= Beginning of Section =

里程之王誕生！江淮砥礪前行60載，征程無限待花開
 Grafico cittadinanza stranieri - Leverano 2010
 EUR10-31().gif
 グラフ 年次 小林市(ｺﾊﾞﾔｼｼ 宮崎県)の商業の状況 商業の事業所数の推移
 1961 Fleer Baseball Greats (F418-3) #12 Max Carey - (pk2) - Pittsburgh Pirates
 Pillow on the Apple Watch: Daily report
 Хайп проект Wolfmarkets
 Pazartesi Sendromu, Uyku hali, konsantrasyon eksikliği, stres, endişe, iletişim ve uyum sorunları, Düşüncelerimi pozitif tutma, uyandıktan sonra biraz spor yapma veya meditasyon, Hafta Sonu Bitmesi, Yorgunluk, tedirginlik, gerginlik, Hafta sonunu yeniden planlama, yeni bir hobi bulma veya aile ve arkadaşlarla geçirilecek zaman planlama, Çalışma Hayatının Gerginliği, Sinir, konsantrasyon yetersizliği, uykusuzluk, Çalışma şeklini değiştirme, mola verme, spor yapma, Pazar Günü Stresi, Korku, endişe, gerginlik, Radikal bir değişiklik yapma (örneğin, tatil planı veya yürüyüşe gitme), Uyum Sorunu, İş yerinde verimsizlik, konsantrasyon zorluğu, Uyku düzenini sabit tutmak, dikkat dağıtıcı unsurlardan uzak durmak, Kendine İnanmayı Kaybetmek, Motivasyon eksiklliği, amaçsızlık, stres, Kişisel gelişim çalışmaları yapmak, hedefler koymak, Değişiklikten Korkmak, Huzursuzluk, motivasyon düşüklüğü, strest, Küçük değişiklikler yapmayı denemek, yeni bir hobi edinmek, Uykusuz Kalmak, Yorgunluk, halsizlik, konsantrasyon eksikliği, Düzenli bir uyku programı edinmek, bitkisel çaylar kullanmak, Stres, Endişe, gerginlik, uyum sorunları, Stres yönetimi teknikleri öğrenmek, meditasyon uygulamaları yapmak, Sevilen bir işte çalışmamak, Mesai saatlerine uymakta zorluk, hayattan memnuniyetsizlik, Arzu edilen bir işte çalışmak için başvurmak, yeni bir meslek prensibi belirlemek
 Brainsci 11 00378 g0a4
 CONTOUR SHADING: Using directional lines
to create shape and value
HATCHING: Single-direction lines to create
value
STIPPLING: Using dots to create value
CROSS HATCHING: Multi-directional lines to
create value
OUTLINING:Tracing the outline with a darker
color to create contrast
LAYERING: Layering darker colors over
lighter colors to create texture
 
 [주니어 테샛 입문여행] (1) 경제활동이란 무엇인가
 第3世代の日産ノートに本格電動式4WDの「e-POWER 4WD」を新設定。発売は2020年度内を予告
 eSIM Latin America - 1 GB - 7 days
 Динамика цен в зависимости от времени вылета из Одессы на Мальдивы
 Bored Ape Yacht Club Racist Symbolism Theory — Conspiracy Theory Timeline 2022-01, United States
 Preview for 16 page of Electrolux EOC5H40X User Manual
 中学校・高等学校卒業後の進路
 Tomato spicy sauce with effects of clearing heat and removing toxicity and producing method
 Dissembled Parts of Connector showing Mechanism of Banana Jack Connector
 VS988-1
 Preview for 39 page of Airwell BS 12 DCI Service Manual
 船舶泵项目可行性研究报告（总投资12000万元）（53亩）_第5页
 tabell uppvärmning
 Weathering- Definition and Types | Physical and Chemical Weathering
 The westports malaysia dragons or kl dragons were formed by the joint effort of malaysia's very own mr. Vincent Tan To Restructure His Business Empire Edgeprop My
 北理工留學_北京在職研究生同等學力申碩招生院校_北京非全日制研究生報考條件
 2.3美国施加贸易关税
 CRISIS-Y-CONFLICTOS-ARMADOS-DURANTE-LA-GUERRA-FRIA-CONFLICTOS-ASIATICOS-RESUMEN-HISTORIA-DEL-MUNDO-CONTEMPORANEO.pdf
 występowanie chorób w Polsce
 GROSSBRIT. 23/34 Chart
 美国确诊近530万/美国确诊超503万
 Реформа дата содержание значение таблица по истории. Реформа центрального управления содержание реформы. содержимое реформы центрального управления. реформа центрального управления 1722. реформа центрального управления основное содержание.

= End of Section =

- _Your goal_: Your answer should be the lines of the listing above between the line holding "OUTLINING:Tracing the outline with a darker" and the line holding "Preview for 39", inclusive, restated word for word and alone.

- _Task solution_:
OUTLINING:Tracing the outline with a darker
color to create contrast
LAYERING: Layering darker colors over
lighter colors to create texture
 
 [주니어 테샛 입문여행] (1) 경제활동이란 무엇인가
 第3世代の日産ノートに本格電動式4WDの「e-POWER 4WD」を新設定。発売は2020年度内を予告
 eSIM Latin America - 1 GB - 7 days
 Динамика цен в зависимости от времени вылета из Одессы на Мальдивы
 Bored Ape Yacht Club Racist Symbolism Theory — Conspiracy Theory Timeline 2022-01, United States
 Preview for 16 page of Electrolux EOC5H40X User Manual
 中学校・高等学校卒業後の進路
 Tomato spicy sauce with effects of clearing heat and removing toxicity and producing method
 Dissembled Parts of Connector showing Mechanism of Banana Jack Connector
 VS988-1
 Preview for 39 page of Airwell BS 12 DCI Service Manual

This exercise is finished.